I agree with you that pure democracy is a very brutal and poor form of government.

Choosing a representative democracy predicated upon the consent of the governed is a much better solution ... and greatly improved with protections for individual liberty.

However, I think your qualifcation "Democracy sucks", missed the entire point of the post (I think).

My impression was that the post was lauding a spirit of local responsibility, so I'm at a loss as to how your comment is even on topic :-(

Tom Van Dyke said...

Apparently you've never watched those city council meetings on cable. The "spirit of local responsibility" being lauded here is at best mere cacophony and at worst, per Isocrates, demagoguery.

One of these times, Ben, you're going to get the gestalt of one of posts instead of picking fragments out of context to argue with.
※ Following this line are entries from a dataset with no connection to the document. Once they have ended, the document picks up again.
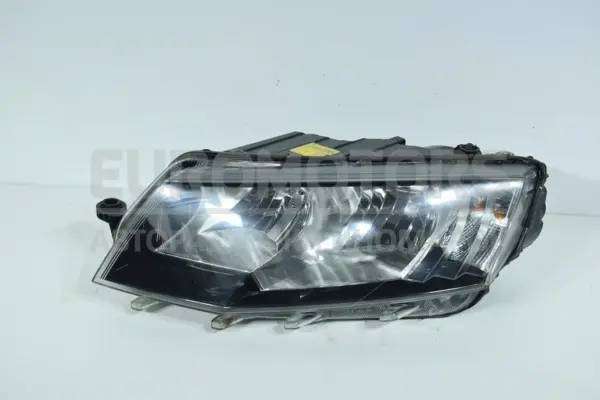 Ліва фара Skoda Octavia 2.0tdi (A7) 2013-2020 130702425400 it-15570 Дизель euromotors.com.ua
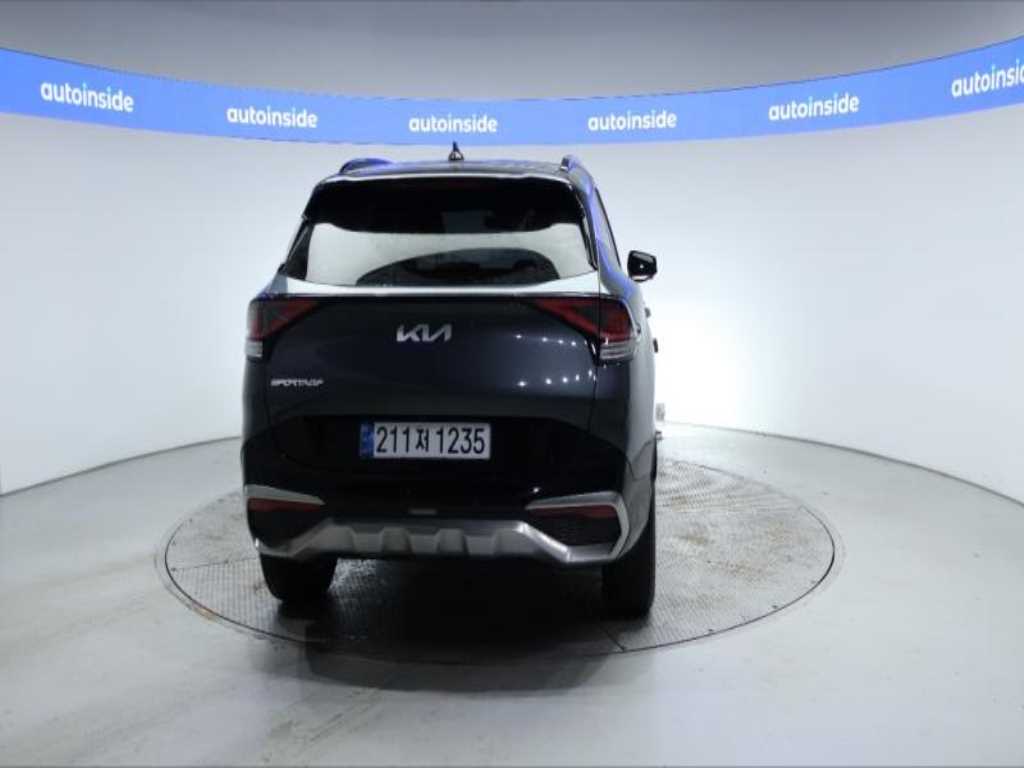 KIA Sportage 2023 - Importación desde Corea - HF Imports Iquique - Foto 18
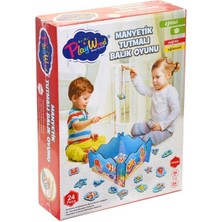 NW NessiWorld Manyetik Tutmalı Balık Oyunu 381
I look forward to that.

bpabbott said...

TVD: "One of these times, Ben, you're going to get the gestalt of one of posts instead of picking fragments out of context to argue with"

How ironic. My point was that your picked a fragment out of context to argue with ... shrugs.

Tom Van Dyke said...

No, you're wrong, Ben. I wrote directly about town meetings, which is the topic, and compared them to the city council meetings you see on cable. And cited Isocrates.

You picked out a fragment of what I wrote and your response is sophistic nonsense.

You gave your feelings why you liked the original post, I gave reasons why I didn't, and you haven't offered the slightest intelligent thing in rebuttal.

Try again, or bug off, Ben. Or go try your luck at city council meetings.